Data shown Start Marker

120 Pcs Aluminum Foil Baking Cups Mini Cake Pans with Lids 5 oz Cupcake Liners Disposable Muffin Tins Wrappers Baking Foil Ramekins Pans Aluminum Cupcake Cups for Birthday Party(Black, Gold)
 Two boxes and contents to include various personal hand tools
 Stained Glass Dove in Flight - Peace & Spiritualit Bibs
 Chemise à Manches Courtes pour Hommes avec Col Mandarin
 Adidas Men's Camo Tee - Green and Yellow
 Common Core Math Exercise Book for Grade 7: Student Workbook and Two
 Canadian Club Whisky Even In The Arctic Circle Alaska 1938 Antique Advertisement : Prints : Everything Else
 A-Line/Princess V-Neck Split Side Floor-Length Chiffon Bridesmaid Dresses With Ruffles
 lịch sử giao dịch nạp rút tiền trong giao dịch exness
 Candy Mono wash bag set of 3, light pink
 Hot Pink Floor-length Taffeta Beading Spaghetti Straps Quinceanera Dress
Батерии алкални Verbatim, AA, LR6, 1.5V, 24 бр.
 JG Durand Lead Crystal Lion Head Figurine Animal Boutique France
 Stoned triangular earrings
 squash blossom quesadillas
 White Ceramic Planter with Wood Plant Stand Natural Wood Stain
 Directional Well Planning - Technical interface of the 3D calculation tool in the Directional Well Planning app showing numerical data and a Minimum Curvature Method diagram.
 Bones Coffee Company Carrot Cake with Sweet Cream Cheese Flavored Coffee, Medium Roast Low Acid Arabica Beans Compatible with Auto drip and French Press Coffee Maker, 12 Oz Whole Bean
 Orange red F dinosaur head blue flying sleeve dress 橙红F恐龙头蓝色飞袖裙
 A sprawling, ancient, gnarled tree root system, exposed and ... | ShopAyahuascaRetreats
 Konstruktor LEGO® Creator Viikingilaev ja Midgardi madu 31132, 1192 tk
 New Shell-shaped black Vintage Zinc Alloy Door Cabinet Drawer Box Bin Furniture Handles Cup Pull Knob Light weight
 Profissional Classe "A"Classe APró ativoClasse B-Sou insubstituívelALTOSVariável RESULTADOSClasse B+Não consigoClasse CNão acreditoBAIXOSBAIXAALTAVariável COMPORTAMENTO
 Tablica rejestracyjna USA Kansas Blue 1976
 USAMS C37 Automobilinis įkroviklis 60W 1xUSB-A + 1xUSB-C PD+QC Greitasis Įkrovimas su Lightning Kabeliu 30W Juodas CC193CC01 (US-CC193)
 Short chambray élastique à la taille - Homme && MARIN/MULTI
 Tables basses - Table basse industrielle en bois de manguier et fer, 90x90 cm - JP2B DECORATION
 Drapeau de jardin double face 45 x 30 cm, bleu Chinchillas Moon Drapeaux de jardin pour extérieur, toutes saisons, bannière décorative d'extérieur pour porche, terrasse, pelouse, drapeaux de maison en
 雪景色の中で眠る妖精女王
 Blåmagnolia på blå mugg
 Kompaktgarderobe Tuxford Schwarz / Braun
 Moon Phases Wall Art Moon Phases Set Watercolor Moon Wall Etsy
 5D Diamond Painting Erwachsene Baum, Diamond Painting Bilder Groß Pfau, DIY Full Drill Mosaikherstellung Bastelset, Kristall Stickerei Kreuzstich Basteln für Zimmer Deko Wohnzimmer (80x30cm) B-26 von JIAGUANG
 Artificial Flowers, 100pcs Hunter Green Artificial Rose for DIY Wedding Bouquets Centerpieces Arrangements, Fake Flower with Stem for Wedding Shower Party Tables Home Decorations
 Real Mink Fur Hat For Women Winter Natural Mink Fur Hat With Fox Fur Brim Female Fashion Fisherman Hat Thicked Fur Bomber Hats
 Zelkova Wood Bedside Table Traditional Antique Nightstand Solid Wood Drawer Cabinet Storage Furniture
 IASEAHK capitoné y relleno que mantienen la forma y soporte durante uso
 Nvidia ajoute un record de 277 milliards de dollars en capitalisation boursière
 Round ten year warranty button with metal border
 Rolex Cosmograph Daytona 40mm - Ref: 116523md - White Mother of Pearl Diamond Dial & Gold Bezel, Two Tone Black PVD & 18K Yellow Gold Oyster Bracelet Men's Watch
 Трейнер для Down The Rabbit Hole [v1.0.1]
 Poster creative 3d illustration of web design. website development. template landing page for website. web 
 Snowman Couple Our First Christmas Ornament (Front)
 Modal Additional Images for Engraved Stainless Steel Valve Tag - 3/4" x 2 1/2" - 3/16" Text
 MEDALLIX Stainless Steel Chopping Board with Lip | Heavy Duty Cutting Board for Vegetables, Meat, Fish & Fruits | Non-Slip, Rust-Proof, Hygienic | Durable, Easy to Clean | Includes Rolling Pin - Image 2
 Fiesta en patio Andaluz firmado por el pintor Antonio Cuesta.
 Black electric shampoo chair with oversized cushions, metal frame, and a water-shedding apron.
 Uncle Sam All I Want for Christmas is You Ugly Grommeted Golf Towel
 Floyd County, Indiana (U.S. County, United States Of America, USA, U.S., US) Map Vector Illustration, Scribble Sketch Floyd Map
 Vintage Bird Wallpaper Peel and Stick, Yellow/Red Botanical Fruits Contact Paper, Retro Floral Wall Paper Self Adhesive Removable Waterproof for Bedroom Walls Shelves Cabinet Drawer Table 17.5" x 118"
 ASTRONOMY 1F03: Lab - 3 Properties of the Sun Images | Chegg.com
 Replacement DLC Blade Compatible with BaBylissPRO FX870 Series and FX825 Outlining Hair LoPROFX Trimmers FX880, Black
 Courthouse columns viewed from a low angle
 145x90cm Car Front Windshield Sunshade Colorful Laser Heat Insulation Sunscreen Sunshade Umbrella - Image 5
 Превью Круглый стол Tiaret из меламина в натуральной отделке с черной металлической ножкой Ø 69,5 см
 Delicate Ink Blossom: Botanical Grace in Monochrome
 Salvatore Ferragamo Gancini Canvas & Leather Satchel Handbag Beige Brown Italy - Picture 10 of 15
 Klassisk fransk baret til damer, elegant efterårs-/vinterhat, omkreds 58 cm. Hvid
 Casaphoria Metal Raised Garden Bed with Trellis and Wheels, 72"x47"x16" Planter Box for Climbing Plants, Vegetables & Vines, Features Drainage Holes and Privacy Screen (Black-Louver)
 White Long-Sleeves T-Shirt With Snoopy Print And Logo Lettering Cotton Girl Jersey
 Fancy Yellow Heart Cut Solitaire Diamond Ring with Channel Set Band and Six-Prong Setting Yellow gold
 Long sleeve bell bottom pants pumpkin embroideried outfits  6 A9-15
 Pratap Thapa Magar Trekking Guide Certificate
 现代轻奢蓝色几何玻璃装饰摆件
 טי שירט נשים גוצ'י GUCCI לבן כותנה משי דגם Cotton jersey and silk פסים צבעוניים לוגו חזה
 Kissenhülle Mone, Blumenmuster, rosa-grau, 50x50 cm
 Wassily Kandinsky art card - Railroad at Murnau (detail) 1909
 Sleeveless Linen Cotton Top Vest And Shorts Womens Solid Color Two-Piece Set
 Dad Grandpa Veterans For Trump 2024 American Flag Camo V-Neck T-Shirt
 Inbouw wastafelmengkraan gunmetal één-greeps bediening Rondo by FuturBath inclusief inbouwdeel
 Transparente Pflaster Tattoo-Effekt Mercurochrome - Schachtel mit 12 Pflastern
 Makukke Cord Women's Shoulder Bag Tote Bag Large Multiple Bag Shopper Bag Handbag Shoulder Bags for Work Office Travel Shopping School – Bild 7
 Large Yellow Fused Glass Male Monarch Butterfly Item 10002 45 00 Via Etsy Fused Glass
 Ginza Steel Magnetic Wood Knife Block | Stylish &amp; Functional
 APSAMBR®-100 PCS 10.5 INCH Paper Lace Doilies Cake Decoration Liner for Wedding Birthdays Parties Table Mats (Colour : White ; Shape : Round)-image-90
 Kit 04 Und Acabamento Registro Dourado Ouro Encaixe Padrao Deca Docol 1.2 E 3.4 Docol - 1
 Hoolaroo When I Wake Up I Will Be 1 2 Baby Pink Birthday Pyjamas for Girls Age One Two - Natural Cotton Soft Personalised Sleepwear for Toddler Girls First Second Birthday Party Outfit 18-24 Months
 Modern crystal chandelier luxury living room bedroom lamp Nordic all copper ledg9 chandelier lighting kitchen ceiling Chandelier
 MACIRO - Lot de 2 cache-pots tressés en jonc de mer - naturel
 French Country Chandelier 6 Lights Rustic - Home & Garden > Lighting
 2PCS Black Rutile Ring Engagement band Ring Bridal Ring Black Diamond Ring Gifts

Data shown End Marker

Keeping every character as it is, restate the lines above that run from the line with "Sleeveless Linen Cotton" through the line with "Kit 04 Und Acabamento", both included, and nothing else.

» Output for this task
 Sleeveless Linen Cotton Top Vest And Shorts Womens Solid Color Two-Piece Set
 Dad Grandpa Veterans For Trump 2024 American Flag Camo V-Neck T-Shirt
 Inbouw wastafelmengkraan gunmetal één-greeps bediening Rondo by FuturBath inclusief inbouwdeel
 Transparente Pflaster Tattoo-Effekt Mercurochrome - Schachtel mit 12 Pflastern
 Makukke Cord Women's Shoulder Bag Tote Bag Large Multiple Bag Shopper Bag Handbag Shoulder Bags for Work Office Travel Shopping School – Bild 7
 Large Yellow Fused Glass Male Monarch Butterfly Item 10002 45 00 Via Etsy Fused Glass
 Ginza Steel Magnetic Wood Knife Block | Stylish &amp; Functional
 APSAMBR®-100 PCS 10.5 INCH Paper Lace Doilies Cake Decoration Liner for Wedding Birthdays Parties Table Mats (Colour : White ; Shape : Round)-image-90
 Kit 04 Und Acabamento Registro Dourado Ouro Encaixe Padrao Deca Docol 1.2 E 3.4 Docol - 1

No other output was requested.